══ Supplied material
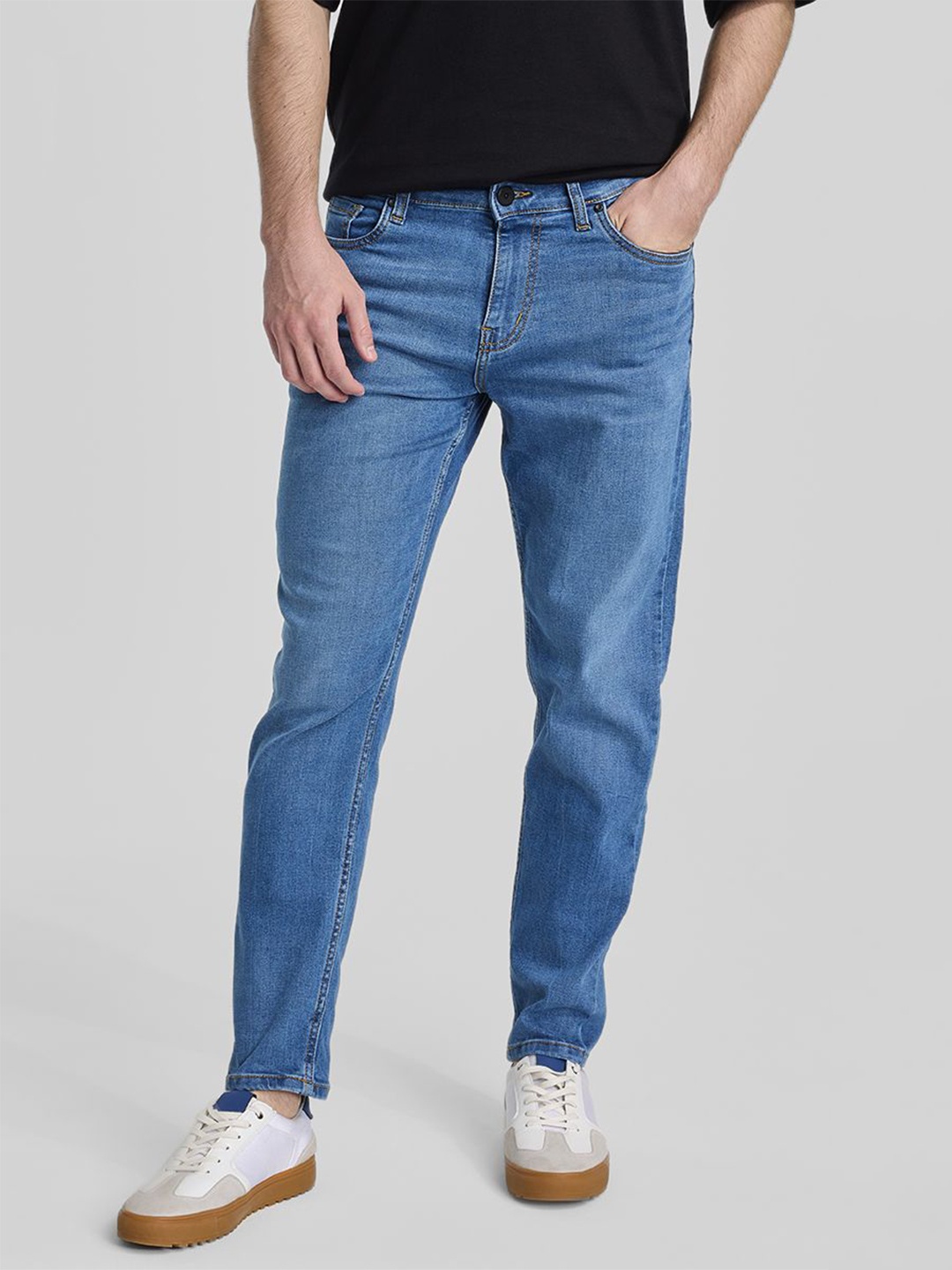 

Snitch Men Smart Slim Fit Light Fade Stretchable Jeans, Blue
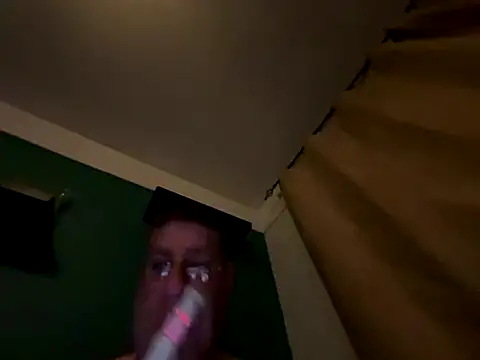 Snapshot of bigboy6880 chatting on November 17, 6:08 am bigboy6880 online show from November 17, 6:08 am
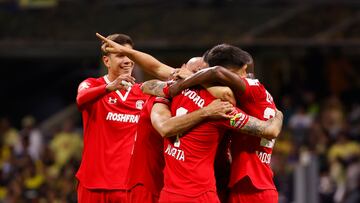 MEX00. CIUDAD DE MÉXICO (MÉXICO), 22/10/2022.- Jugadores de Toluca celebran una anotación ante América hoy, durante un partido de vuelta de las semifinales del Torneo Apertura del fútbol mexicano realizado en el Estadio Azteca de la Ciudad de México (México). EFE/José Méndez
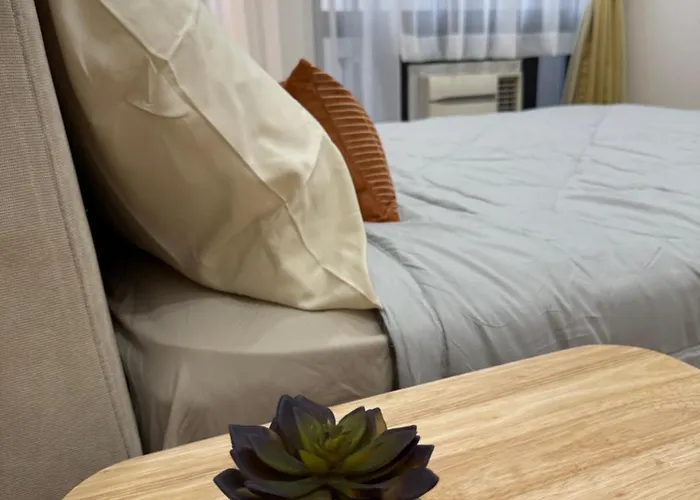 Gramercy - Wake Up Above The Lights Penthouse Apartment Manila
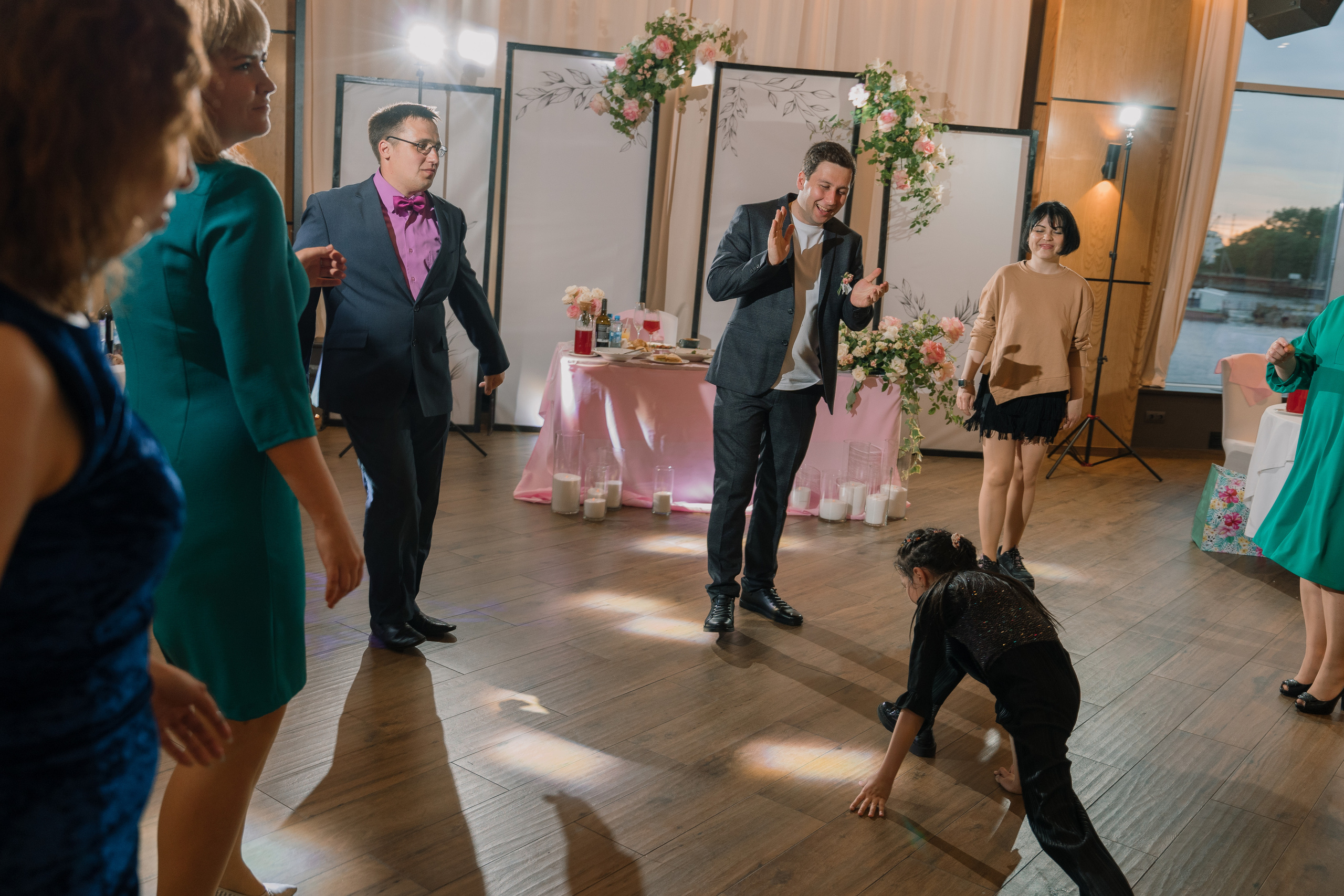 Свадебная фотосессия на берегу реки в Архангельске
════
══ Supplied material
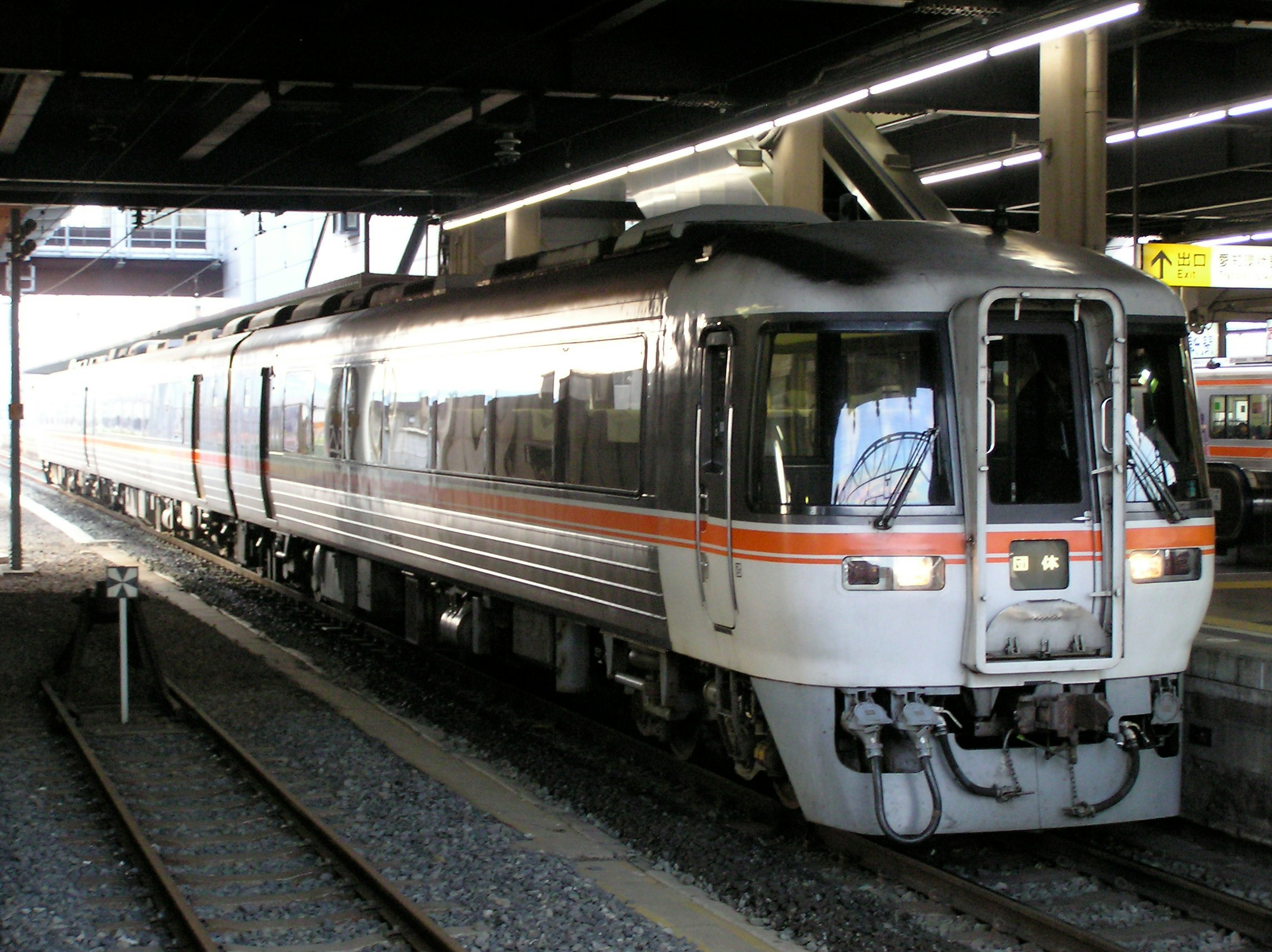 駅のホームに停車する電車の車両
════
Output exactly those lines of the data above that run from the line with "MEX00. CIUDAD DE" up to and including the line with "Свадебная фотосессия на". No pictures go in.

Answer to the exercise:
 MEX00. CIUDAD DE MÉXICO (MÉXICO), 22/10/2022.- Jugadores de Toluca celebran una anotación ante América hoy, durante un partido de vuelta de las semifinales del Torneo Apertura del fútbol mexicano realizado en el Estadio Azteca de la Ciudad de México (México). EFE/José Méndez
 Gramercy - Wake Up Above The Lights Penthouse Apartment Manila
 Свадебная фотосессия на берегу реки в Архангельске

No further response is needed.